Posted Tuesday, October 13th, 2009

For most graduate students in the humanities, scholarly work involves solitary research in libraries or archives and publishing articles in specialized journals for expert audiences. But a dozen students in the Rackham Public Humanities Institute wrestled with other questions. What is the nature of public scholarship in cultural fields? How can cultural research and arts practice generate collaborative partnerships between academic and non-academic communities? How can public scholars navigate the arc of an academic career?

The week-long Public Humanities Institute was sponsored by the Rackham Graduate School in August. Addressed to students pursuing careers in academia, the goal of the PHI was to hone students' capacity to imagine and enact collaborative culture work across multiple sites inside and outside the university, and to foster the capacity to represent their own aspirations and abilities as publicly-engaged scholars.

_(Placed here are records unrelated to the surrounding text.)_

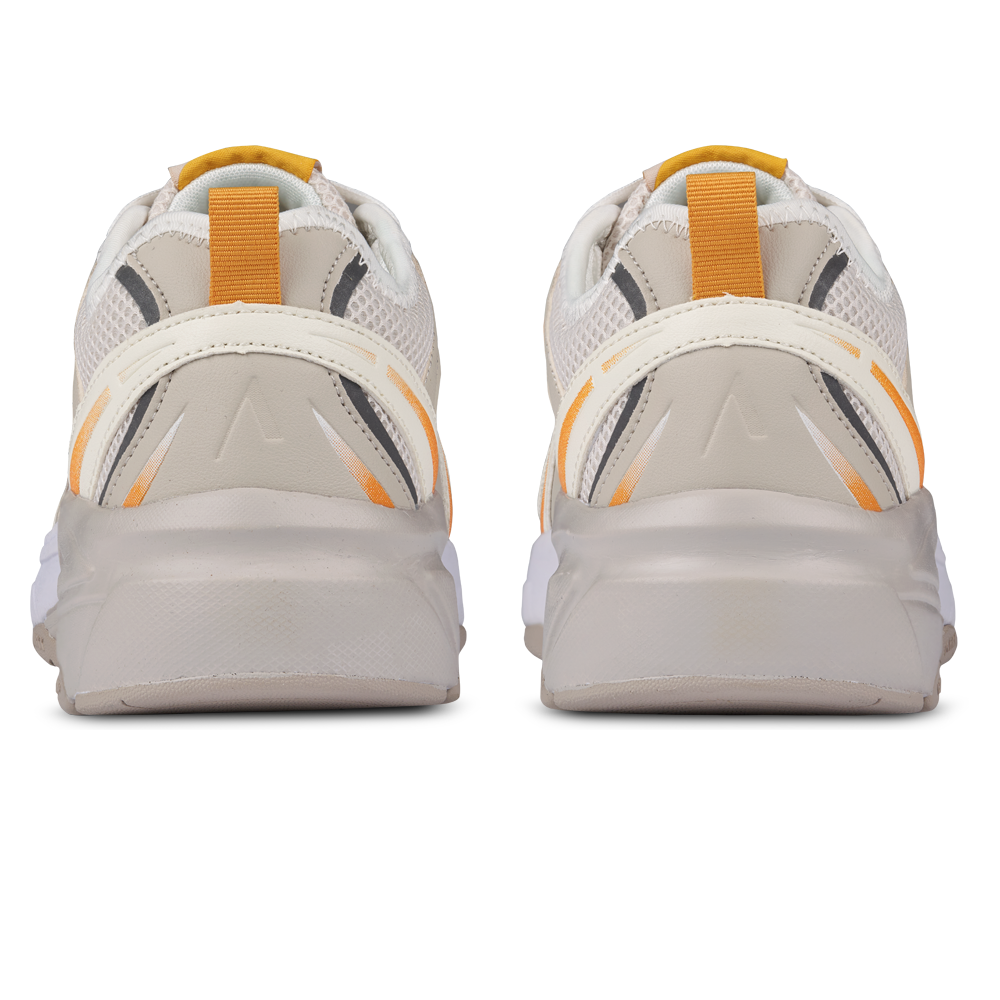 ARKK Collection Oserra Mesh S-SP | Marshmallow Warm Apricot | Women Oserra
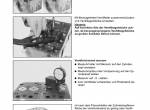 repair manual Fendt Tractor Favorit 900 Workshop Manual PDF - 3
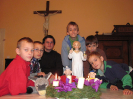 jezu2012_3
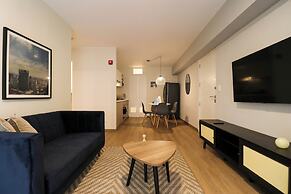 La Mar Miraflores by Wynwood House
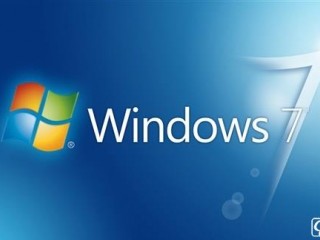Windows 7 SP1六月补丁包更新汇总及下载地址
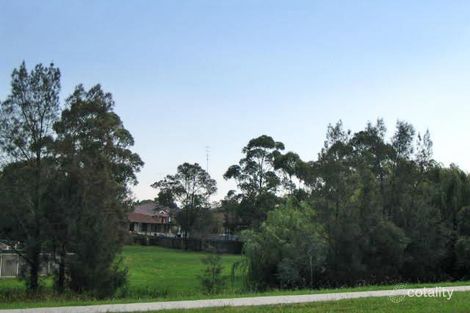 15 Bindowan Cres, Maryland, NSW 2287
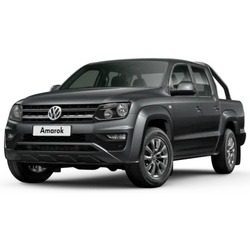 AMAROK 2017-2022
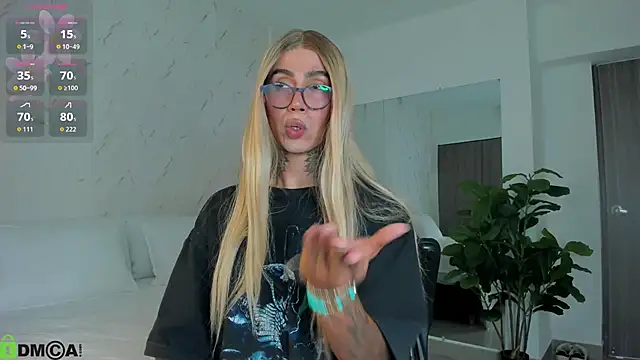 miss_tatiana_ live sex cam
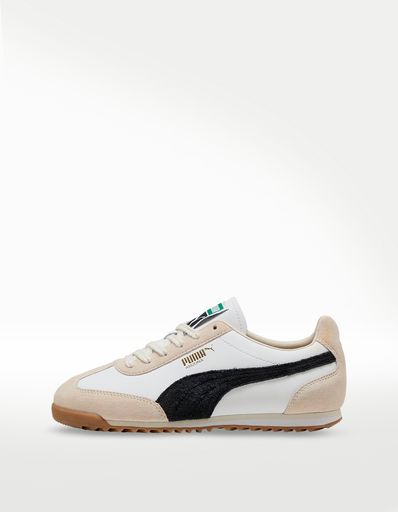 TENIS PUMA ARIZONA RETRO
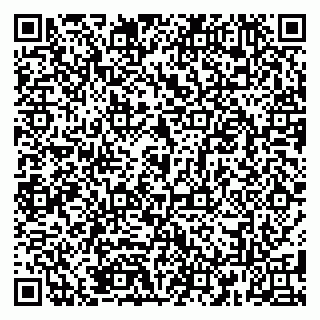 vCard 79185003995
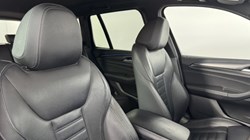 2022 (22) BMW X3 xDrive 30e M Sport 5dr Auto 5106857
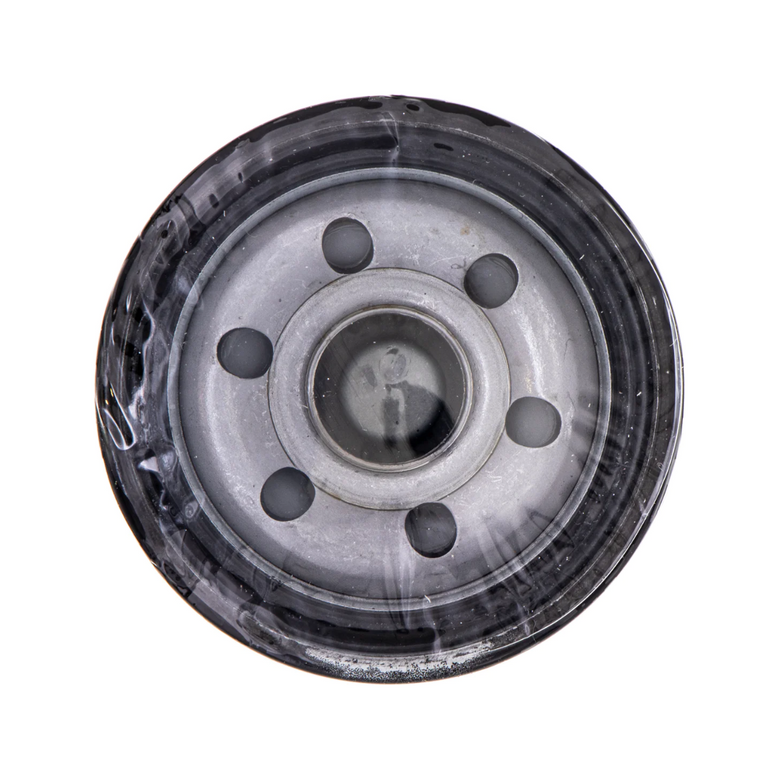 Toro Oil Filter (135-4181)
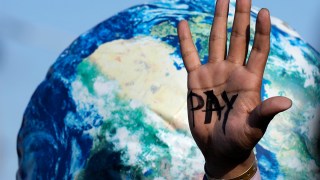 COP27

Co-directed by Julie Ellison, Professor of American Culture, English, and Art and Design, and Kristin Hass, Assistant Professor of American Culture, the institute engaged students in an intense week of site visits, presentations, workshops, and discussions. This pilot cohort was comprised of students eager to integrate their careers as academic professionals with the opportunities of public scholarship. During the week they also discovered shared interests across their various academic disciplines.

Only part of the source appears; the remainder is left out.